Public service reminder: you are not the only one growing old.
Often times, I notice time passing by me, but to myself only. For example, I notice that my hair is due for a haircut, but I don’t notice the gray hairs that have sprouted out from my parent’s heads. I am always focused on my own development, my own life, and I tend to forget that everyone around me grows older too.
Last week, I had another reminder of this fact when I visited my doctor. He told me he is retiring.
The news startled me. This was my family doctor of almost twenty years! The man cured my chicken pox, helped me fight acne, and found a cough syrup that wasn’t banana or cherry flavoured (thank the lord). He saw me grow out of pigtails, start wearing makeup, and now asks me why I still come to see him with my mother.
Doctor: So what is wrong?
Me: – looks at mother –
My doctor tells me he is 75 years old, to which I simply shut my mouth instead of saying, “Oh come on, you’re fine, dude! Just stay as my doctor!”
My doctor is 75 years old. What even? He certainly doesn’t look like he is 75 years old and he doesn’t feel like it to me either. In my eyes, he is the same doctor from twenty years ago – the same nice man who gave me cute band-aids and has nice photos of the arctic hung on his walls. The reality, of course, is different.
My doctor has spent the vast majority of his life on his medical career and has delayed retirement well over the normal age of 65 years old. He has every right to retire at any age he wishes, and as a long-term patient, I had neglected to see him as another human being who grows old just like me. Similar to how I used think teachers lived and stayed at school and did nothing else but teach, I also thought my doctor would always be there like a wise wizard character in a video game quest.
I think about how the kids I used to babysit are probably attending middle school now, holding hands with their second girlfriend or listening to the 2017-equivalent of Simple Plan and Green Day. I think about my teachers; most of them are retired now as well. I think about me, eating a breakfast my mother made and getting into my father’s car just like all the other mornings I woke up and got ready for school.

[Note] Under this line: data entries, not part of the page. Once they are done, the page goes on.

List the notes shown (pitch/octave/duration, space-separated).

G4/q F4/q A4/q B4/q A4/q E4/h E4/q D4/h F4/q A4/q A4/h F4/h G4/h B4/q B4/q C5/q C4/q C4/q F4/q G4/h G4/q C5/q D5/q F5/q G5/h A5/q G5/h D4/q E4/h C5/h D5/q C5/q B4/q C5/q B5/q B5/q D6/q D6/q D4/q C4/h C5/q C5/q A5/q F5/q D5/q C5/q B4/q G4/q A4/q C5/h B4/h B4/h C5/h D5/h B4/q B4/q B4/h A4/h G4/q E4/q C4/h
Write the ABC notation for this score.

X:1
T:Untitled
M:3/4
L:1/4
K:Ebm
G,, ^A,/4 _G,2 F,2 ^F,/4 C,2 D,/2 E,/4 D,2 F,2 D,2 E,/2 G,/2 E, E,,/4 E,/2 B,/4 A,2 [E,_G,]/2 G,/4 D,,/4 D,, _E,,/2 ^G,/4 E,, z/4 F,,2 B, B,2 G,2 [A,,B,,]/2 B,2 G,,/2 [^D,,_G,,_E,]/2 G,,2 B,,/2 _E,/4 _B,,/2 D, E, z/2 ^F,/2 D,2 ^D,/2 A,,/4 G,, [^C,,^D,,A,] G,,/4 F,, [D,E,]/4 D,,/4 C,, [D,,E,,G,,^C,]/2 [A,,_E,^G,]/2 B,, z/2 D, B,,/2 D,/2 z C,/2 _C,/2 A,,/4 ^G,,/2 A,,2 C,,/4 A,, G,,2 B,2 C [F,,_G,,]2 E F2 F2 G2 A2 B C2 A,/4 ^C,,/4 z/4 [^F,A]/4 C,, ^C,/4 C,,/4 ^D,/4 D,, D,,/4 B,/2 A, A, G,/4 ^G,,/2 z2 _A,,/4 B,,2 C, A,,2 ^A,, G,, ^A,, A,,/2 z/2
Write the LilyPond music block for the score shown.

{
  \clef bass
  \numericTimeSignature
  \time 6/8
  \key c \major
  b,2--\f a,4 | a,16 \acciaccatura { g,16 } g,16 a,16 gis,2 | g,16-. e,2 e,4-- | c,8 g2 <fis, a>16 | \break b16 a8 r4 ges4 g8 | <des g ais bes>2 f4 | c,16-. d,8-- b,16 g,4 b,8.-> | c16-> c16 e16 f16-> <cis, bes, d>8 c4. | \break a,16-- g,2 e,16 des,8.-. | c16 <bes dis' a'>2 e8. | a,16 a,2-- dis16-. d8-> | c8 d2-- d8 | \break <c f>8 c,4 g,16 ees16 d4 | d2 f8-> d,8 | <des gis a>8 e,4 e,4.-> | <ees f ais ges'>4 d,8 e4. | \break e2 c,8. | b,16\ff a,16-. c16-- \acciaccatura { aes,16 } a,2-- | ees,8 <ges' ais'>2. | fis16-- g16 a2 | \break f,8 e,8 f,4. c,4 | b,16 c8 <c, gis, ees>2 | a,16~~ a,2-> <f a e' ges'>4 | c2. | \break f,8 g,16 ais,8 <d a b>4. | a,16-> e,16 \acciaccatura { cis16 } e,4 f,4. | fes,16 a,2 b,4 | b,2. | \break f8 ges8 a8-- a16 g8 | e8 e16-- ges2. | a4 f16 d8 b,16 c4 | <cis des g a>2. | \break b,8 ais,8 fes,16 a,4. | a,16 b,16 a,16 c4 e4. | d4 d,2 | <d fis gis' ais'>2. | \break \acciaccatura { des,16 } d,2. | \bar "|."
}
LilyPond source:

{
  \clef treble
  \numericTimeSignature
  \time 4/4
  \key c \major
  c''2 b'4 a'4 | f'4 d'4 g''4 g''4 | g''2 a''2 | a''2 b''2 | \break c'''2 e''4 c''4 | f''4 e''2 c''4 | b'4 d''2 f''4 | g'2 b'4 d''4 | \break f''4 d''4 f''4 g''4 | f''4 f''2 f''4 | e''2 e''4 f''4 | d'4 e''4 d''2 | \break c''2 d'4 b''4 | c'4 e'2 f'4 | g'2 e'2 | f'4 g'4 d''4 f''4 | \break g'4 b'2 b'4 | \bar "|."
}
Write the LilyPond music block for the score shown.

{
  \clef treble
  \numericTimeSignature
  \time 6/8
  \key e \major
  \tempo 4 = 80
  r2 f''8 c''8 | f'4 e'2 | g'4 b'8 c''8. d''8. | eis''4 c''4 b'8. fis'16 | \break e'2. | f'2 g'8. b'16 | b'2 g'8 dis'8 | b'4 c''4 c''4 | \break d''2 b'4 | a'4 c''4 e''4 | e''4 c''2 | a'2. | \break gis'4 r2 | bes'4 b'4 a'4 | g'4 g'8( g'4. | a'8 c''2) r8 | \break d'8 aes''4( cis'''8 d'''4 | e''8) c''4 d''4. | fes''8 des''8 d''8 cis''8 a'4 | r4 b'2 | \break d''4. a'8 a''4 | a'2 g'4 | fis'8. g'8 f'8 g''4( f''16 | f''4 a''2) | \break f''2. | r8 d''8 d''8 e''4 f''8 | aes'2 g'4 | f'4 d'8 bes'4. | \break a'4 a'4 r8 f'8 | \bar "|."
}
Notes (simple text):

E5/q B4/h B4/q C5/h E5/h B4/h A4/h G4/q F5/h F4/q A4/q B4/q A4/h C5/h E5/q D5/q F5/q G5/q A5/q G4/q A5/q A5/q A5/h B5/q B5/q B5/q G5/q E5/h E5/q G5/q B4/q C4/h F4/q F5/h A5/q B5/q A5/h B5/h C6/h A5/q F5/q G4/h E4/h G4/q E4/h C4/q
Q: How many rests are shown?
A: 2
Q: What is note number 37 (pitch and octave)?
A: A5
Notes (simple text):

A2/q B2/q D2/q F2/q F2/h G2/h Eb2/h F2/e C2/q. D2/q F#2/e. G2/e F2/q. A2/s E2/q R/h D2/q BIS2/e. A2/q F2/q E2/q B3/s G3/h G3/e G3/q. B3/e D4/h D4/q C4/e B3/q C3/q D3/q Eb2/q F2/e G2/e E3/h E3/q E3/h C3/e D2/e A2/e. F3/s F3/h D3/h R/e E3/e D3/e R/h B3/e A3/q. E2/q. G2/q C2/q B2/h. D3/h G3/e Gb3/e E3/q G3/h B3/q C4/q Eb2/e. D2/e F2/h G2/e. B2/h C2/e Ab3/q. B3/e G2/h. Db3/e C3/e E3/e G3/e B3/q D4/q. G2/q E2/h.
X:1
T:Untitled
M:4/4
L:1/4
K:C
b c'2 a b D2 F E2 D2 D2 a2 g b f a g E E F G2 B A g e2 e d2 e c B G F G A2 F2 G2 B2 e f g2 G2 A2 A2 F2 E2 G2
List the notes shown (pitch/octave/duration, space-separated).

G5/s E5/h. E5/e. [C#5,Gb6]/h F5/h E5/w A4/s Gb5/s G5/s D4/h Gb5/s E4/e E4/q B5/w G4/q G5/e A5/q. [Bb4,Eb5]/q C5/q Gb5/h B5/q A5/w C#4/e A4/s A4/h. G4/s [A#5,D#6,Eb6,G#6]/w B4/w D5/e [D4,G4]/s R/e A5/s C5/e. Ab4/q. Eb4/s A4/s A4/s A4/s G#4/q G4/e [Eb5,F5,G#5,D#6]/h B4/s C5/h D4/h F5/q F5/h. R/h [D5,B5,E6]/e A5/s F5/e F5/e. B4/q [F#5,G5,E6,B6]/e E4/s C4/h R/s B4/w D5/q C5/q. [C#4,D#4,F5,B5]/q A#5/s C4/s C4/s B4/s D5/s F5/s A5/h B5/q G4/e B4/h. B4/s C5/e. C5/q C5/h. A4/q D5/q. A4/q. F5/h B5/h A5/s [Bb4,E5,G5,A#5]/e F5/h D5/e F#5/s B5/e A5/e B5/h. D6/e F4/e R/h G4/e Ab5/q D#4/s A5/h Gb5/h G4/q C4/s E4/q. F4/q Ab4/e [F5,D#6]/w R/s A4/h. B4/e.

I often feel like I haven’t moved since I was sixteen. Aside from having a job, I’m not really a fully-functioning adult. I have essentially been delaying adulthood just like how my doctor has been delaying his retirement.
This reminder serves as another bittersweet reminder that time connects us to people and time will also make us part ways. In childhood, time’s path seems to stretch onward forever so we don’t worry about when paths will end or curve away to another direction. As people slowly disappear from our lives, whether that is due to personal aspirations or because simply too much time has passed, we realize how terribly sad and beautiful growing up can be.
P.S. This may be of no interest to you, but my doctor will not be traveling all over the world after retirement. He plans to go back to school and learn about the human mind and psychology – a plan that is admirable and truly reflective of him as an intellectual. I’d be peacin’ it.
P.P.S. the only time I’ve ever seen my doctor outside of his office was at a McDonald’s.